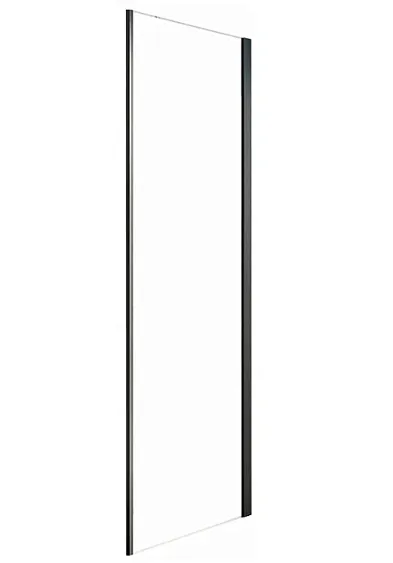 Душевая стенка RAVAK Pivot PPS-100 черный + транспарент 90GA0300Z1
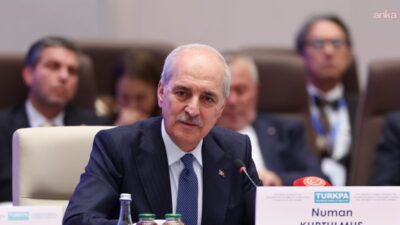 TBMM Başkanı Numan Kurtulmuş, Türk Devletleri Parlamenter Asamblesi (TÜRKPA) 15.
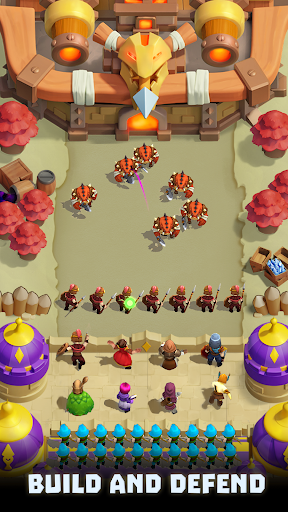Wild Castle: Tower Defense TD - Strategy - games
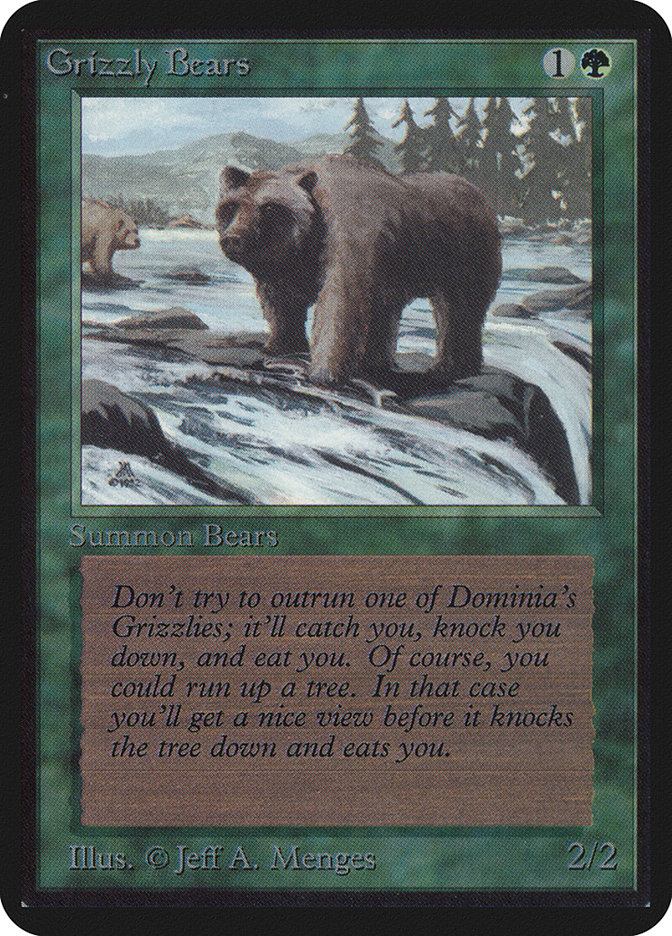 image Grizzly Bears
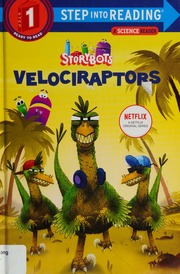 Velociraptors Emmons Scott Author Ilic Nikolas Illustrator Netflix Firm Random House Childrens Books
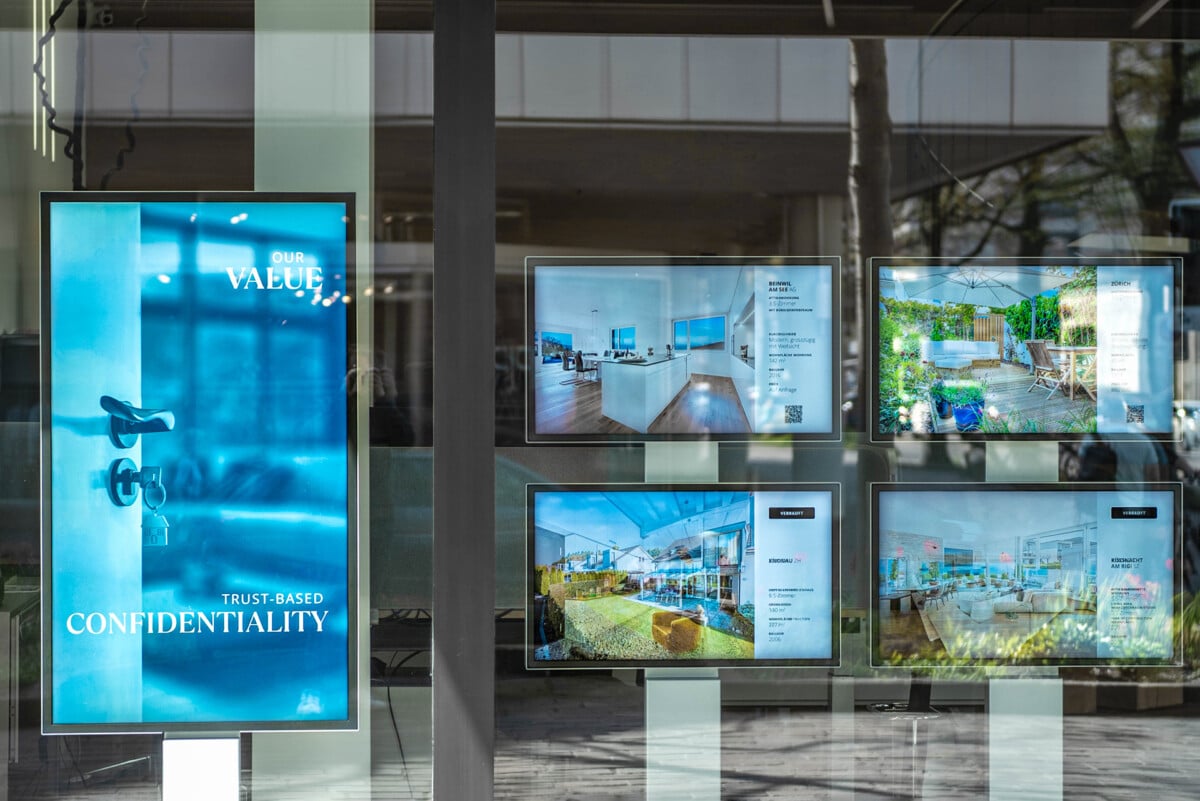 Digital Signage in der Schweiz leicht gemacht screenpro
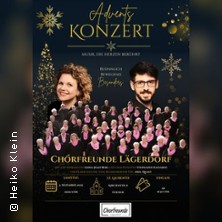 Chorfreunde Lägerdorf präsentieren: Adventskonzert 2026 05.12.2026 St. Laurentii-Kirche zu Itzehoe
┄┄┄┄┄┄┄┄┄┄
EXERCISE DETAILS
Write the entries above out in full, exactly, with no images.

COMPLETED EXERCISE
 Душевая стенка RAVAK Pivot PPS-100 черный + транспарент 90GA0300Z1
 TBMM Başkanı Numan Kurtulmuş, Türk Devletleri Parlamenter Asamblesi (TÜRKPA) 15.
Wild Castle: Tower Defense TD - Strategy - games
 image Grizzly Bears
 Velociraptors Emmons Scott Author Ilic Nikolas Illustrator Netflix Firm Random House Childrens Books
 Digital Signage in der Schweiz leicht gemacht screenpro
 Chorfreunde Lägerdorf präsentieren: Adventskonzert 2026 05.12.2026 St. Laurentii-Kirche zu Itzehoe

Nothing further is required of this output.